--- EXERCISE DIRECTIONS ---
Without the pictures, print the lines from the one holding "Prémium UMAGE LEMON" through the last line below, both included, exactly as they stand.

- - -

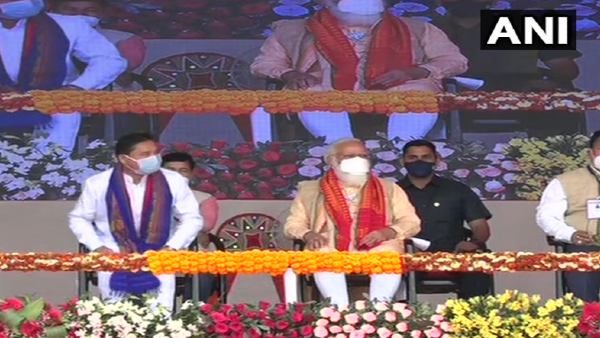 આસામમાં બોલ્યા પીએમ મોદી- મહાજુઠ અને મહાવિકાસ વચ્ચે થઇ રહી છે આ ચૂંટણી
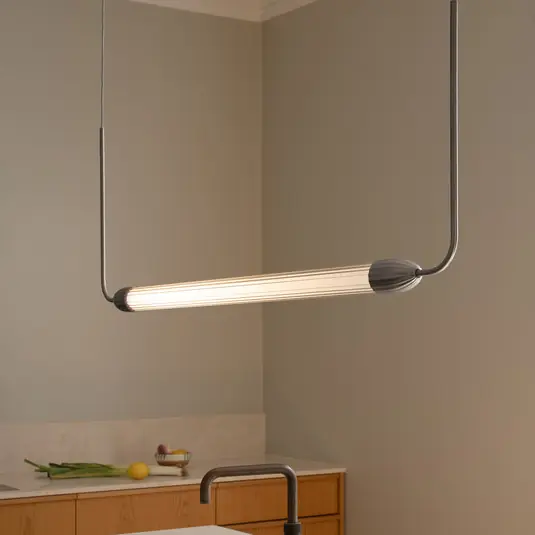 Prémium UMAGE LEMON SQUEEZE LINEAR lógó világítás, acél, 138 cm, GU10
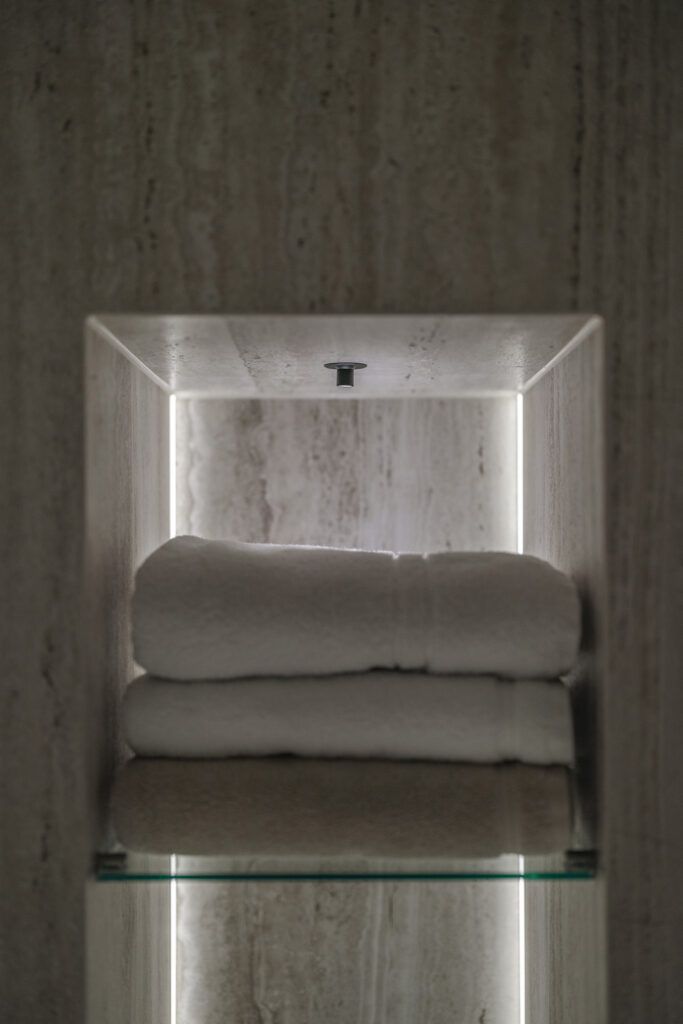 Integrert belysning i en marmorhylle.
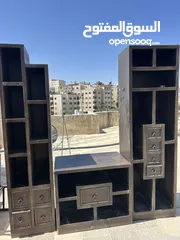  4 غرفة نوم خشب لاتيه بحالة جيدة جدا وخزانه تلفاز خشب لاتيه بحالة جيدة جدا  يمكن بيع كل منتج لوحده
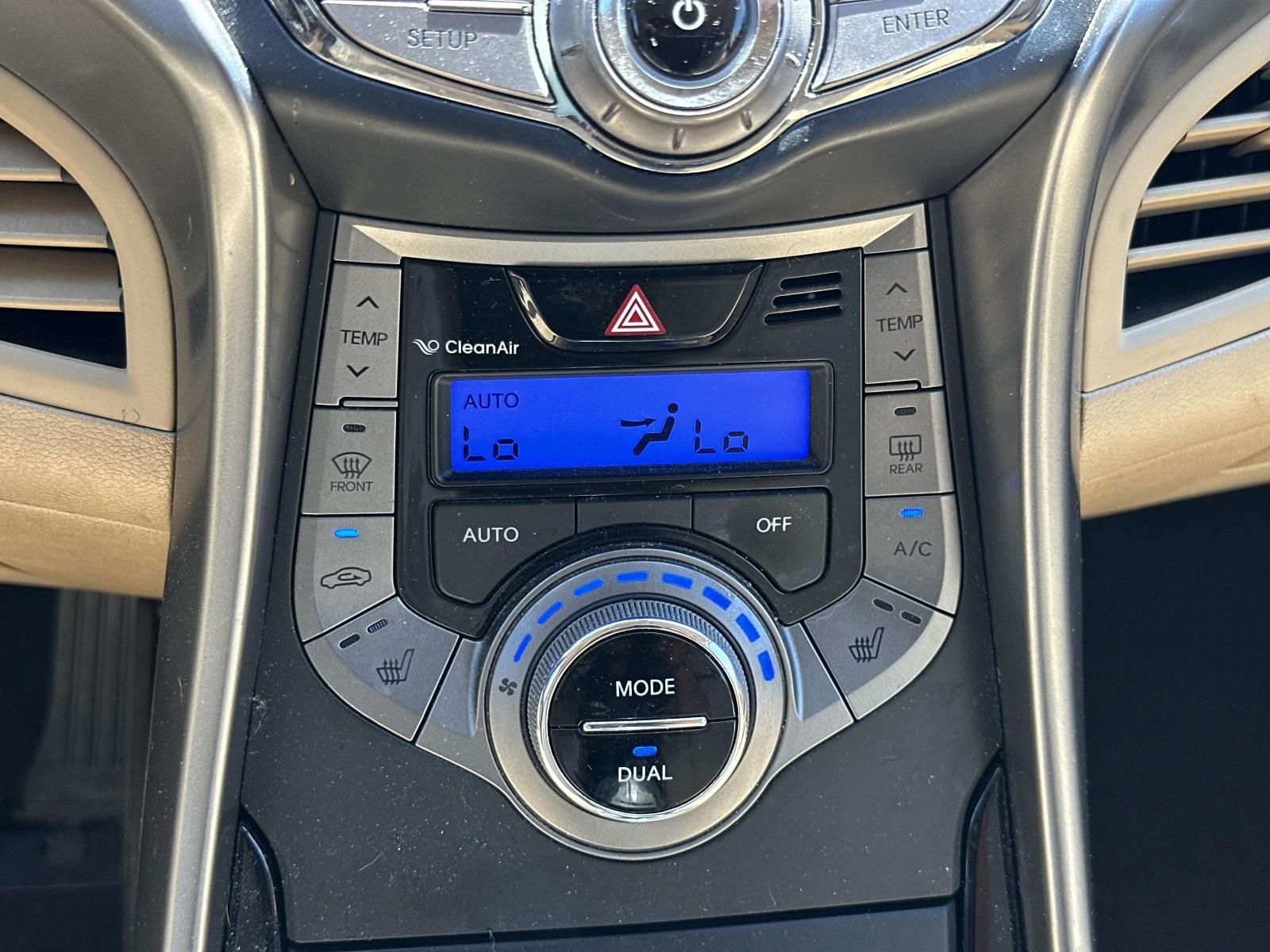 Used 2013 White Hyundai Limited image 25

- - -

--- SOLUTION FOR THIS EXERCISE ---
 Prémium UMAGE LEMON SQUEEZE LINEAR lógó világítás, acél, 138 cm, GU10
 Integrert belysning i en marmorhylle.
  4 غرفة نوم خشب لاتيه بحالة جيدة جدا وخزانه تلفاز خشب لاتيه بحالة جيدة جدا  يمكن بيع كل منتج لوحده
 Used 2013 White Hyundai Limited image 25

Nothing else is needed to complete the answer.